- Born: 16 November 1919 Isleworth
- Died: 20 September 2015 (aged 95)
- Occupation: Aeronautical scientist
- Spouse: Lesley Wheeler
- Children: 3

= Geoffrey Lilley =

British aeronautical scientist (1919–2015)

Geoffrey Michael Lilley (16 November 1919 – 20 September 2015) was an aeronautical scientist known for his work on jet engine noise reduction. His pioneering work led to him being known as the 'father of aeroacoustics', and he played a key role in the development of Concorde.

==Life==
Lilley was born at Isleworth on 16 November 1919, the youngest of four children. His father Micholl Morland Dessau was an American inventor and rubber magnate who lost his fortune in the Great Depression and left the family. Lilley was his mother's maiden name. He married Lesley Wheeler in 1948 and had three children.

After leaving Isleworth Grammar School at 15, he joined the RAF but failed the eye test to be a pilot. Then in 1936 he became an apprentice engineer with Kodak. At Kodak he was assistant to the Chief Engineer, and in 1938 was involved with the design of the air conditioning system for the new Film Coating and Drying Plant, which was installed and operational in June 1939.

==Career==
In 1940 Lilley joined Vickers-Armstrong at Weybridge and Supermarine in Southampton, where he worked briefly with Sir Barnes Wallace. His work covered both aircraft design and high-speed bombs.

During the War period he served during his time off working with the Home Guard in London and studied for a BSc by evening classes. He was awarded MSc from Imperial College London in 1945. After the war he worked on the design of wind tunnels for commercial research, one of which remains in use by British Aerospace.

Lilley helped found the College of Aeronautics in Cranfield in 1946 and his work on aircraft research led to him being appointed Professor of Experimental Fluid Mechanics in 1961.

In 1963, Lilley was appointed Professor of Aerodynamics and Astronautics at Southampton University.

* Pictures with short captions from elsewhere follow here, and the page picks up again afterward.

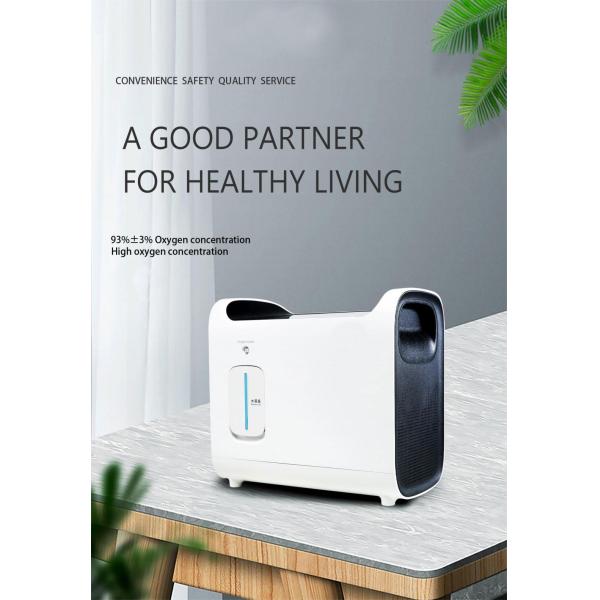 price oxygen saturator Machine 5l 10l 10 Liter Oxigen Concetrator Oxigenic Oxyzen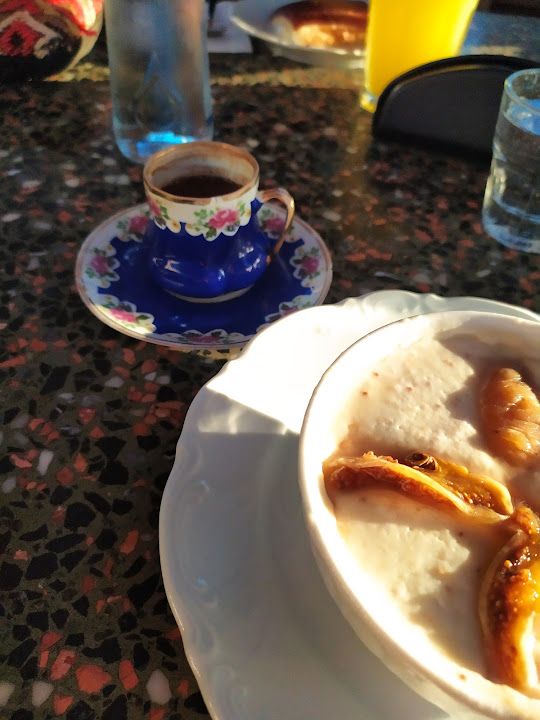 Fotoğraf 45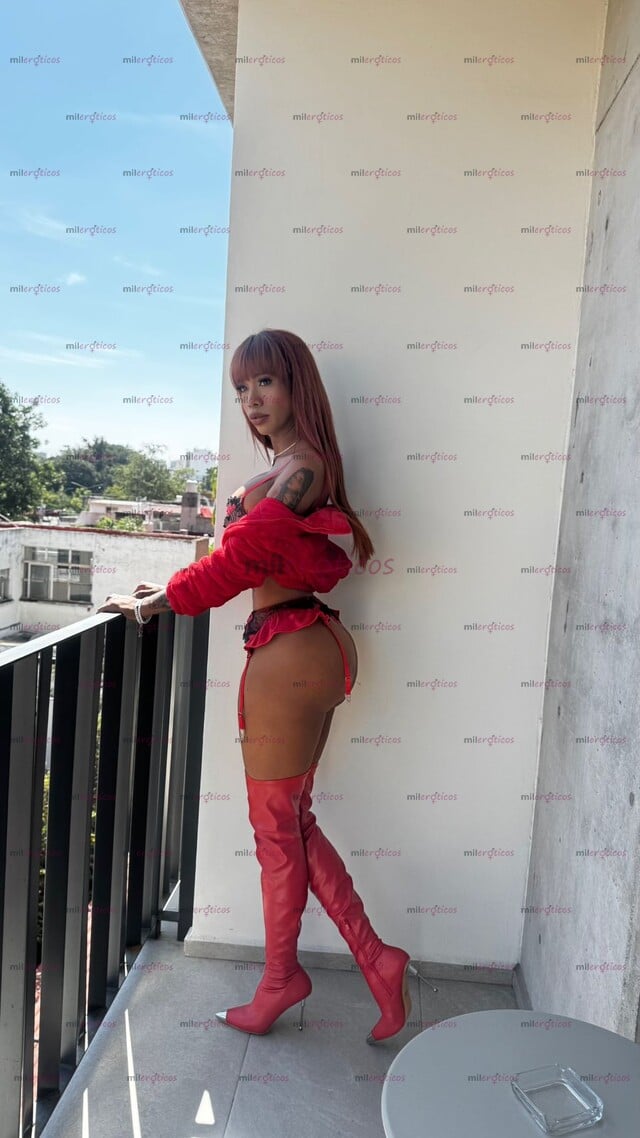 FOTOS DE LA DOMINATRIX QUE BUSCABAS AQUÍ EN LA CIUDAD TU AMA DISPONIBLE PARA SOMETER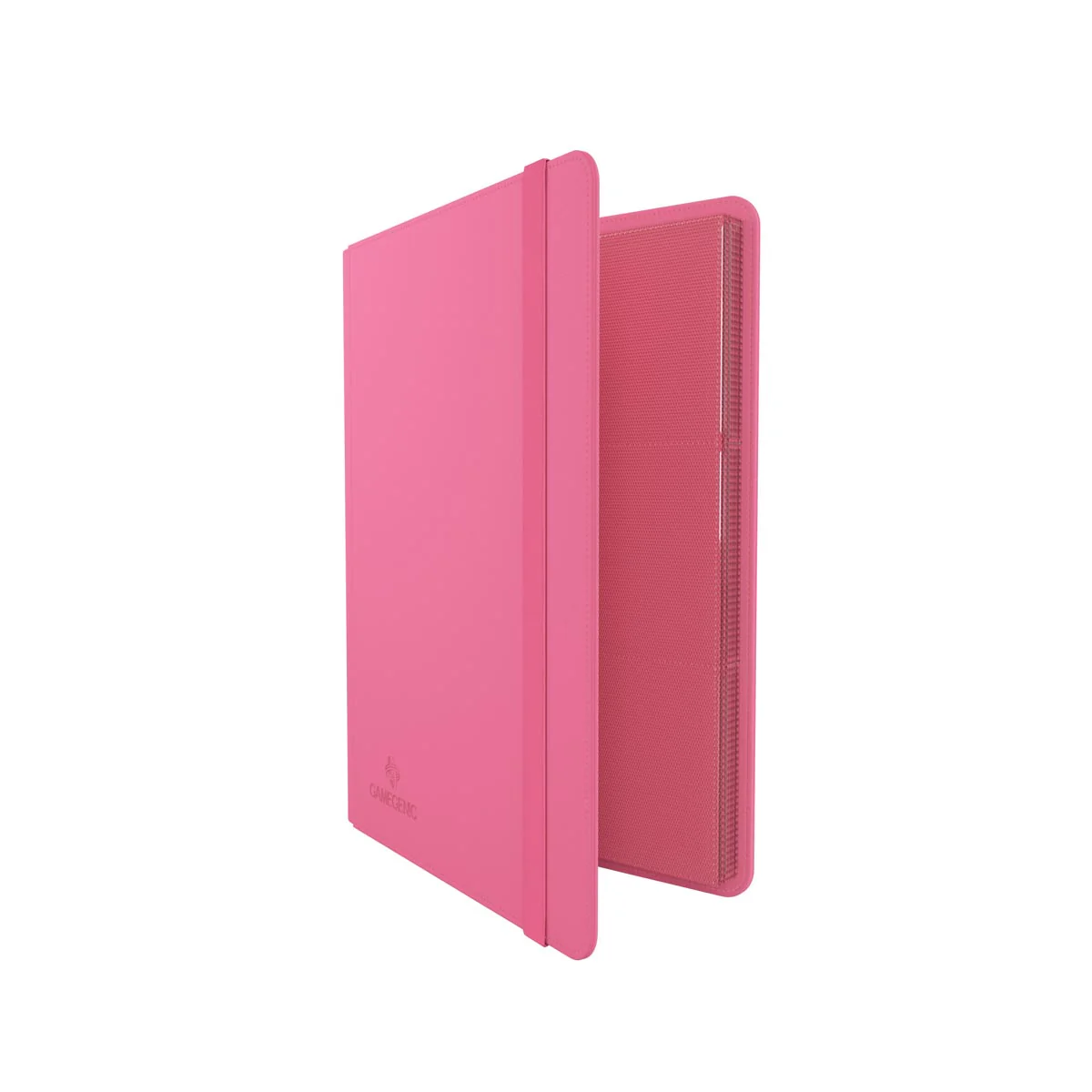 Gamegenic Prime 18-Pocket Album - Image 4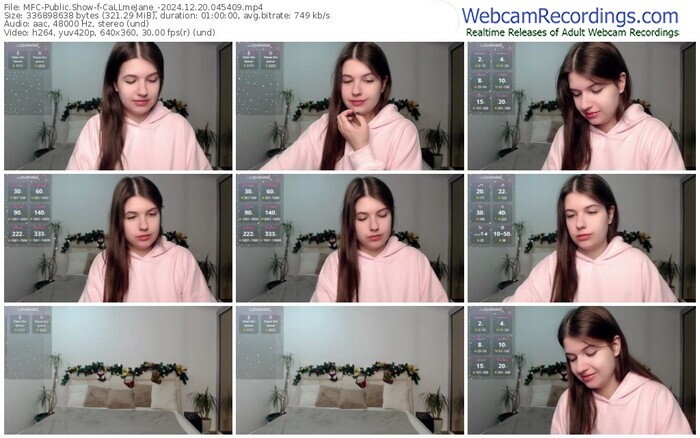 myfreecams-callmejane_-12-20-2024-04-54-09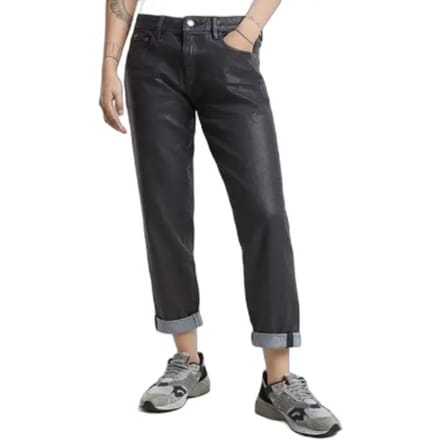 Damesjeans G-Star Kate Boyfriend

Lilley was appointed an Officer of the Order of the British Empire (OBE) in the 1981 Birthday Honours for services to government. In 1983 he received the Gold Medal of the Royal Aeronautical Society, and the Aeroacoustic Medal of the American Institute of Aeronautics and Astronautics.

After his retirement in 1983, he continued to accept visiting professorships, and worked for NASA at the Institute for Computer Applications in Science and Engineering.